Recently in my practice I met an 80 year old woman with lung cancer. Her story began only a year earlier, when she underwent surgery at another hospital to remove a stage 1B non-small cell lung cancer. This is an early stage of lung cancer (out of 4 stages) with a 65-70% cure rate. But something went wrong only one year after surgery. She became suddenly short of breath and developed fluid around the lung that had been operated on. The radiologist and surgeon thought it was "post-operative" changes and monitored her. Her symptoms worsened, however, and the fluid in the lung was sampled and found to contain cancer. A PET scan showed that the cancer had metastasized to other regions of her body. So, at 80 years of age, with a rapidly growing, metastatic lung cancer causing her to be short of breath, have severe chest pain and lose weight and functional capacity, was there any real hope for her survival? Thanks to the modern era of lung cancer treatment, the answer is yes.
The patient was a non-smoker. Approximately 10% of lung cancers occur in non-smokers. In this population, the cancer is fueled by specific genetic changes, rather than the multitude of changes wrought by the carcinogens in tobacco. Two of these changes have been identified:
1) EGFR 2) ALK.
Today, if a non-smoking or remote smoker (last cigarette over 25 years earlier) develops the adenocarcinoma type of lung cancer, then the tumor should be tested for "mutations" in EGFR and ALK. For unknown reasons, EGFR mutations occur more commonly in women, whereas ALK mutations occur more commonly in young men.

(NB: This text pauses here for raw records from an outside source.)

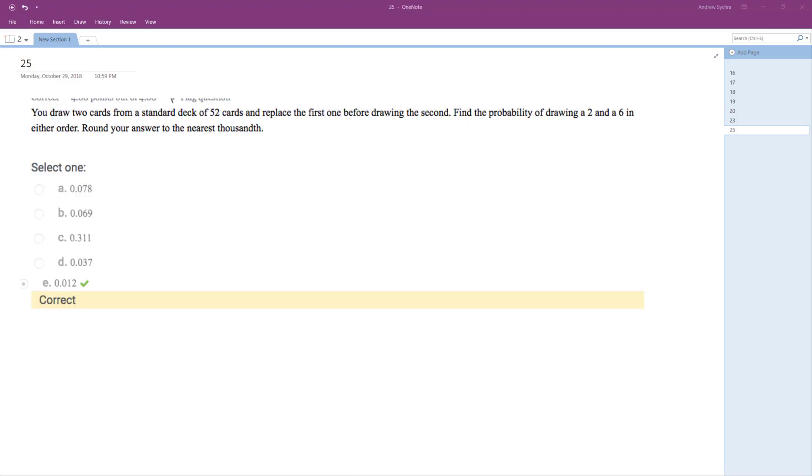All right, so we draw two cards from a standard deck of 52 cards and replace the first one before drawing a second. Find the probability of drawing a two and a six in either order. Round your answer to the nearest thousandth.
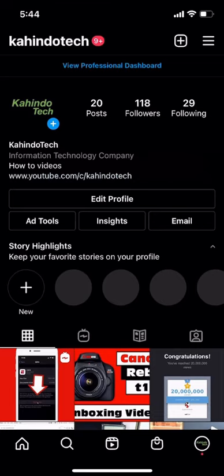Hello and welcome to Kahino Tech. In this video, I'll show you how to see your login history on Instagram. Every time that you log into your Instagram, or somebody else logs into your Instagram account, Instagram keeps track of every single time that happens. I'll show you how to see that entire login history.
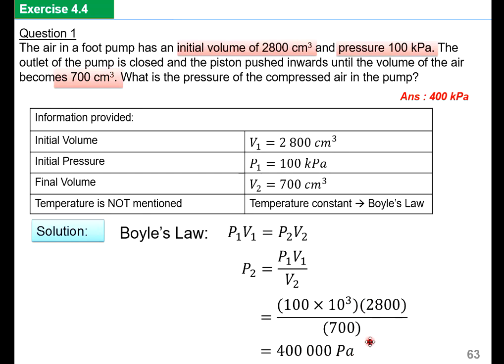Easy, isn't it? You just need to identify the information given and find out what is not mentioned. Whatever is not mentioned is considered constant, and then you will know which law to use.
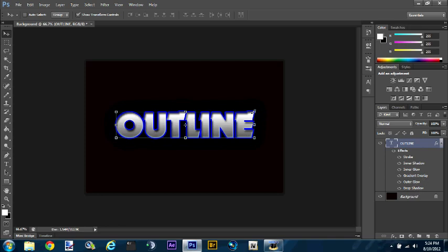I'll probably make a video on how to make skins for GTA 4, like police cars and stuff like that. Because I've already made at least four or five and they turned out pretty good, so I'll probably be doing a tutorial on those soon.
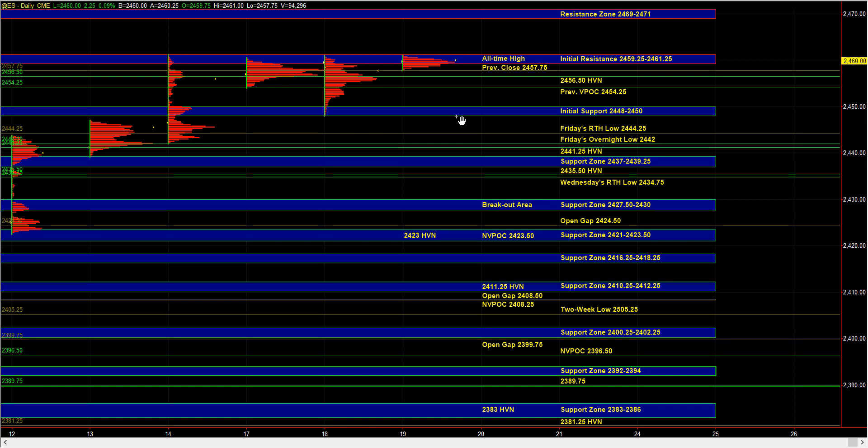So our short-term bias heading into the open is bullish. The market is at an inflection point here at 59 quarter to 61 quarter, which marks the all-time high, but the underlying environment is conducive for the market going even higher.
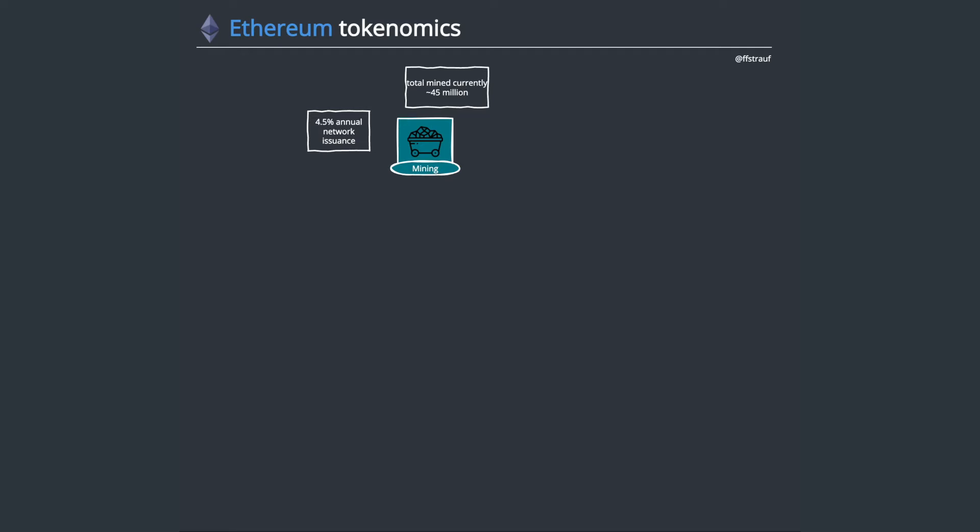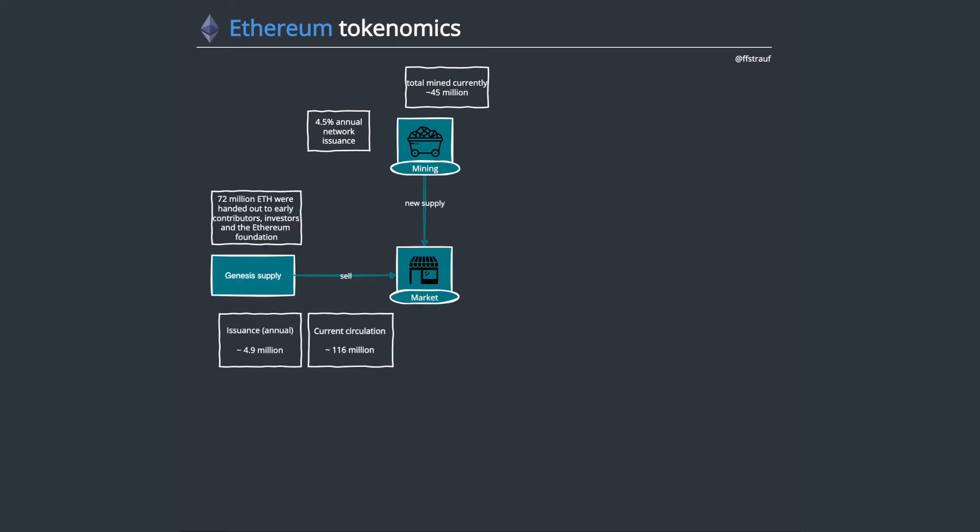Being proof of work means there's mining. Currently Ethereum is mined, so somebody is solving some, as we always call it, interesting math problems to create and verify these blocks with the transactions in them. With that mining we get about 4.5 percent of annual network issuance, so 4.5 of the current supply we'll get as new supply. Currently by the time of the recording we had about 45 million Ethereum that has been mined. That's of course not all of it.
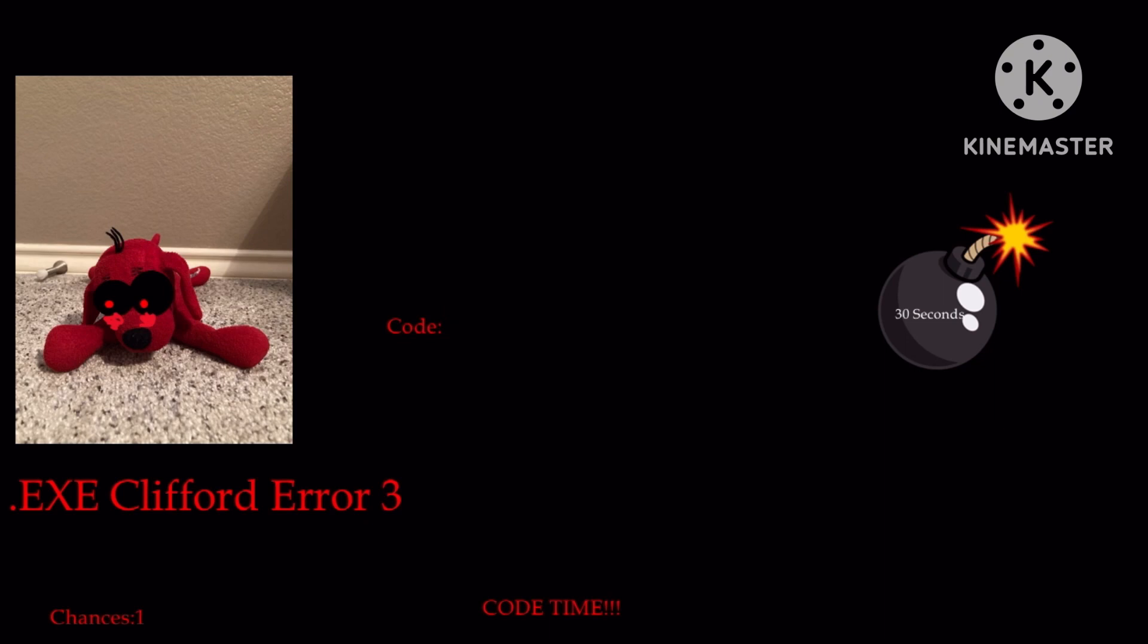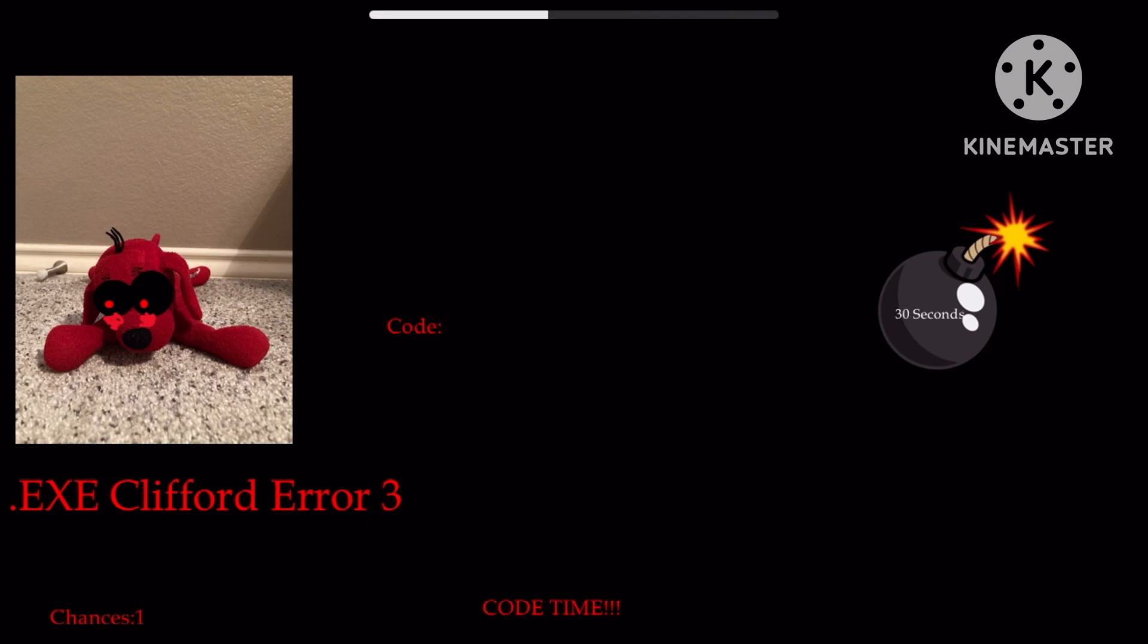But if you get the code wrong, then I will destroy your TV. The bomb timer is now at 30 seconds. Good luck.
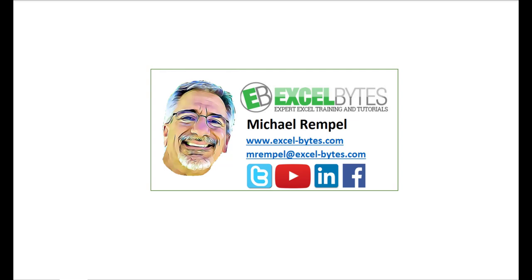And please do so at my website excel-bytes.com or at any of the social networks noted below. Thanks a lot, have a great day, and happy excelling.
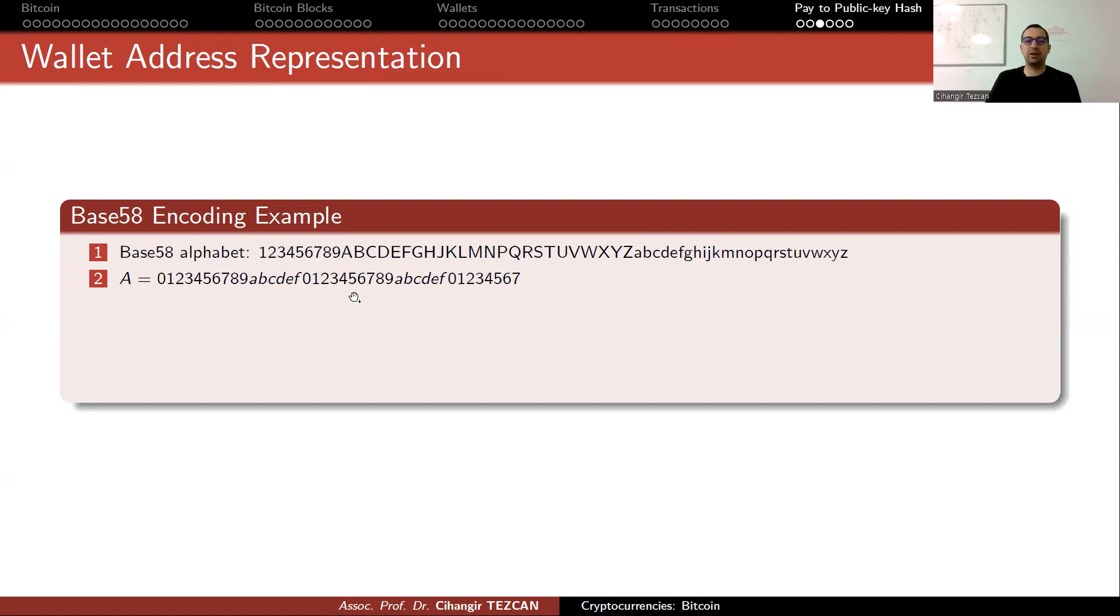We don't have small 'l' because it looks like one in some formats. Assume that your hash of your public key is just this. This is your 20-byte hash of your public key.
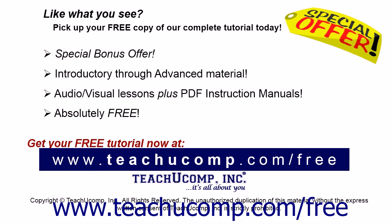Like what you see? Pick up your free copy of the complete tutorial at www.teachucomp.com/free.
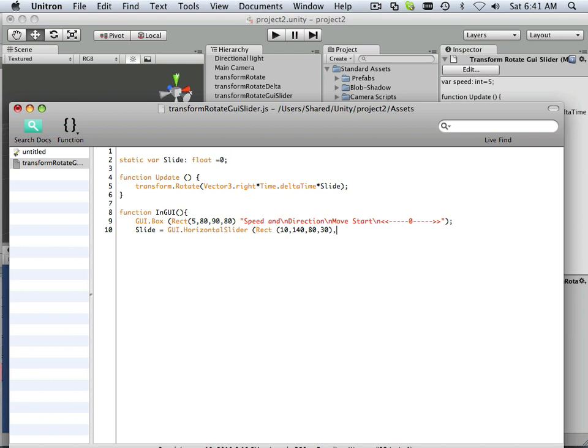And this is going to be called slide. So now I defined it.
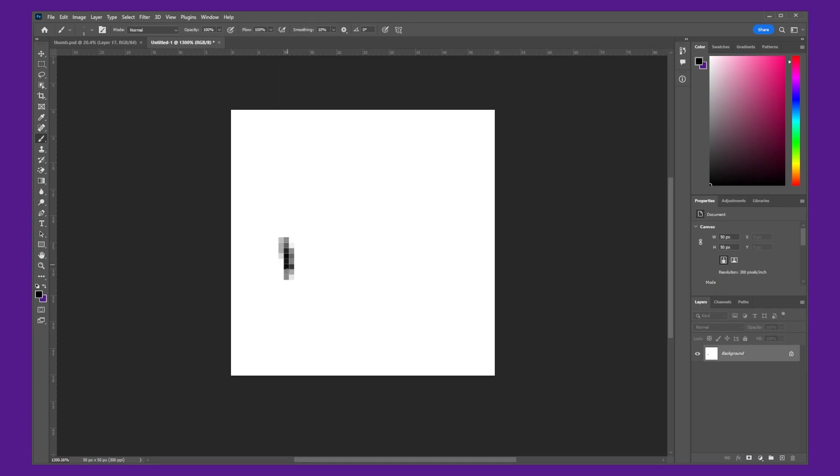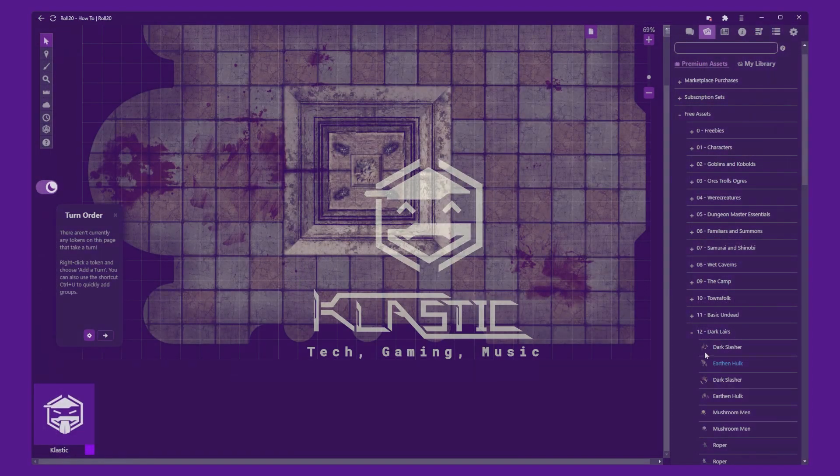Another option is to create your own assets. This option requires more time and effort, but can be rewarding. You can use image editing software such as Photoshop or GIMP to create your own assets.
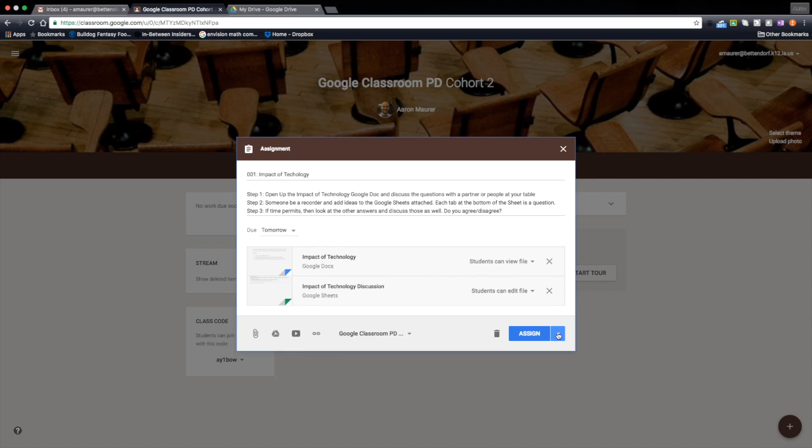So this is a great tool if you have assignments from a previous year or earlier in the year, or from another class that you were testing out, and you don't want to recreate it all. It's all right here, quick and easy with the reuse option.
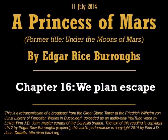The remainder of our journey to Thark was uneventful. We were twenty days upon the road, crossing two sea-bottoms and passing through or around a number of ruined cities mostly smaller than Korad. It required five hours to make one of these crossings without a single halt, and the other consumed the entire night so that we were just leaving the confines of the high-walled fields when the sun broke out upon us.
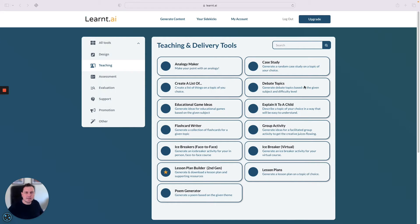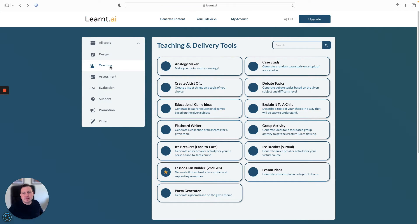Hi everyone, I'm Dave and in this video I'm going to be showing you the new flashcard writer in Learned AI. This is a tool that you can find when you've created your account, log in, head over to the generate content section, and you'll find this one in teaching.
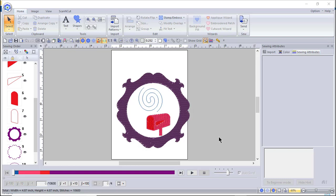Hi everyone, this is Terri and this is Lesson 2, covering Basics in PE Design 11. Make sure you watch Lesson 1. One of the things you'll find is I have over 85 videos that were recorded using PE Design 11, and I cover all of the topics within the software.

If a patient's tumor has a mutation in EGFR, then the pill erlotinib (Tarceva) should be prescribed rather than chemotherapy as the inital treatment. If an ALK mutation is found, then referral to a clinical trial for an ALK inhibitor should be sought. The drug Crizotinib is the lead compound in this area. The great benefit of these targeted pill therapies is that they can result in excellent cancer responses, sometimes for years, and have greater convenience and fewer side effects than chemotherapy (although they do have side effects). Ultimately, most patients will still require chemotherapy as the beneficial effects of the targeted therapies do wear off. This is due to resistance of the cancer to these treatments; clinical trials of new drugs to overcome this resistance are also underway.
As for my 80 year old patient, her lung cancer had a mutation in EGFR, so I prescribed erlotinib. Three months later, she has a facial rash (like acne, that is treatable) but her chest pain is gone, shortness of breath improved and life as she knew it seems to be returning.
Clearly, the targeted therapy of lung cancer is the silver lining in a disease previously associated with only dark clouds.